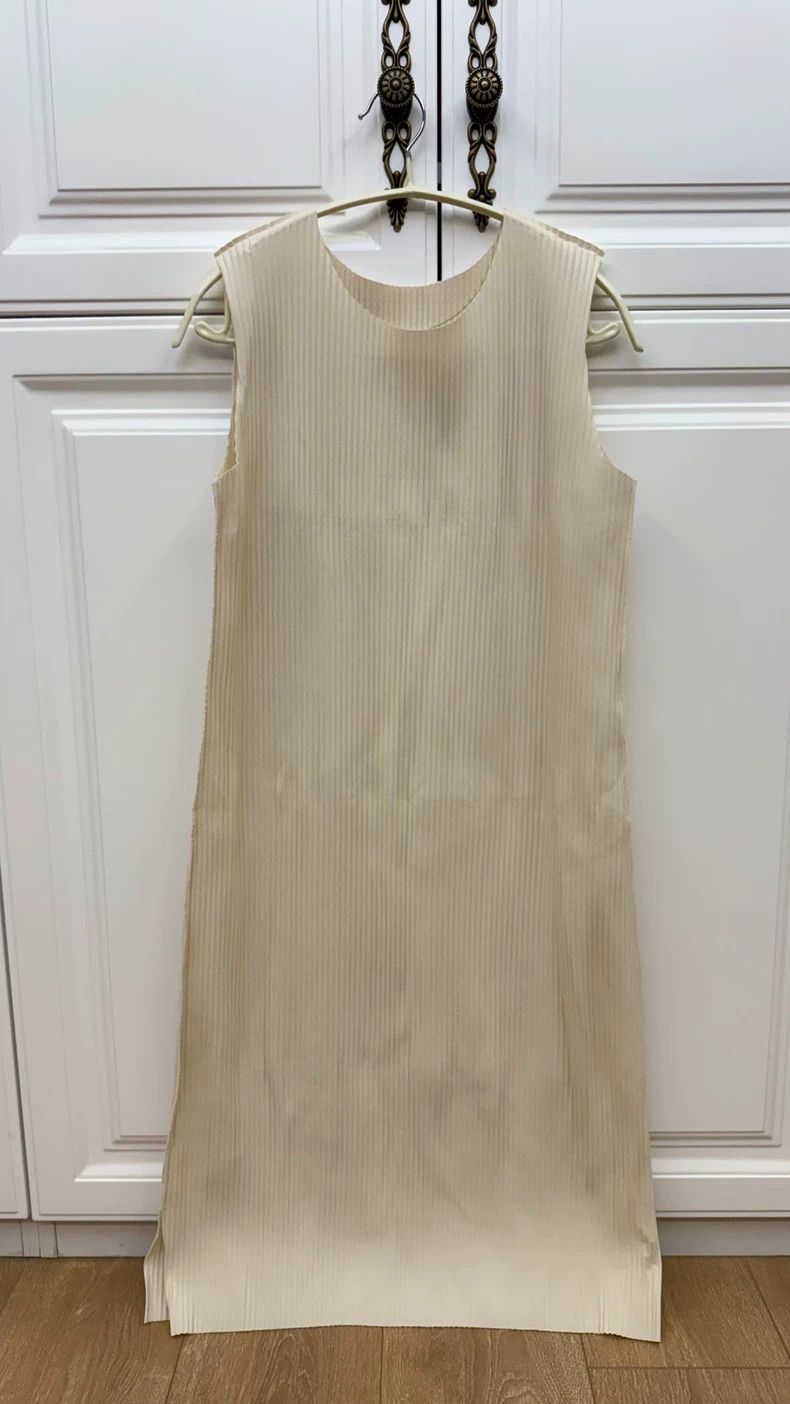 Other Issey Miyake size:one size White round-neck sleeveless dre Size XS / US 0-2 / IT 36-38 - 1 Thumbnail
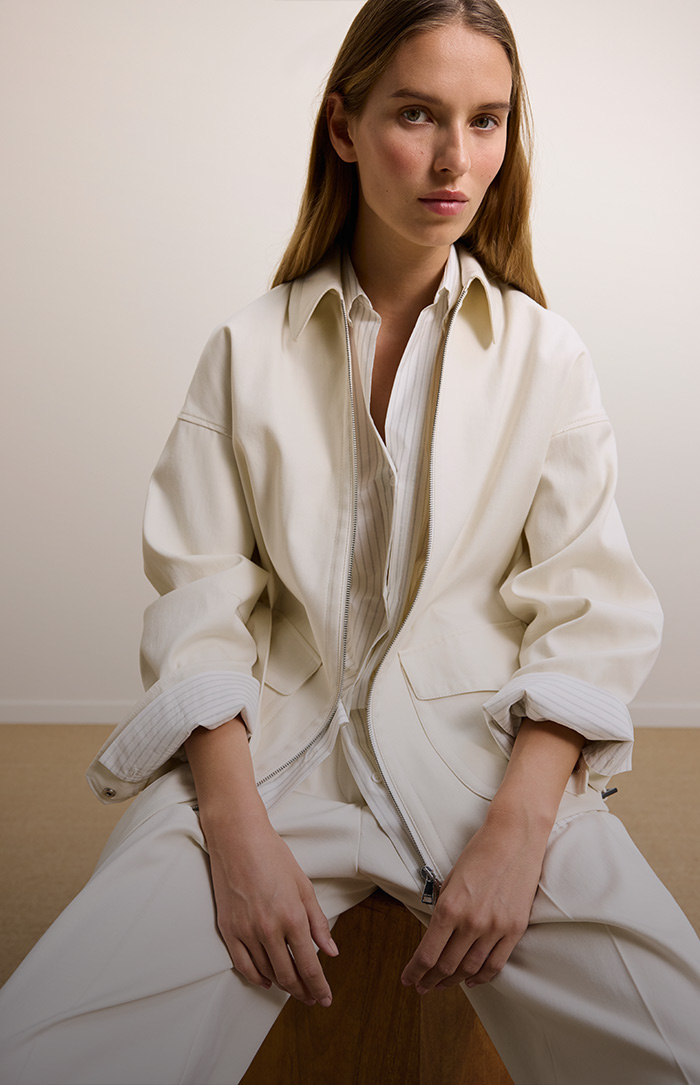 windsor women jacket in offwhite blouse in white and pants in offwhite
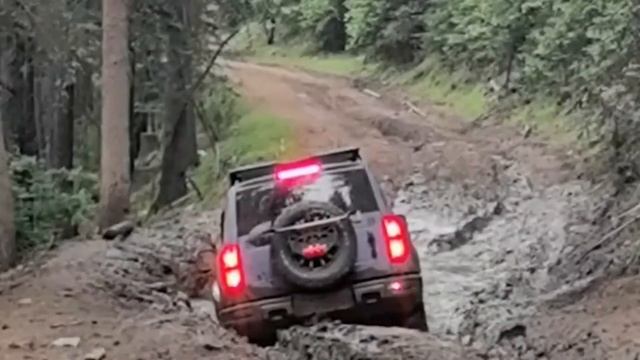 BYD FangChengBao Leopard 5 off-road experience in deep mud pits смотреть онлайн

● ● ● ● ● ● ●

Without the pictures, retype the whole of the material above exactly.

REPLY TO THE TASK:
 Other Issey Miyake size:one size White round-neck sleeveless dre Size XS / US 0-2 / IT 36-38 - 1 Thumbnail
 windsor women jacket in offwhite blouse in white and pants in offwhite
 BYD FangChengBao Leopard 5 off-road experience in deep mud pits смотреть онлайн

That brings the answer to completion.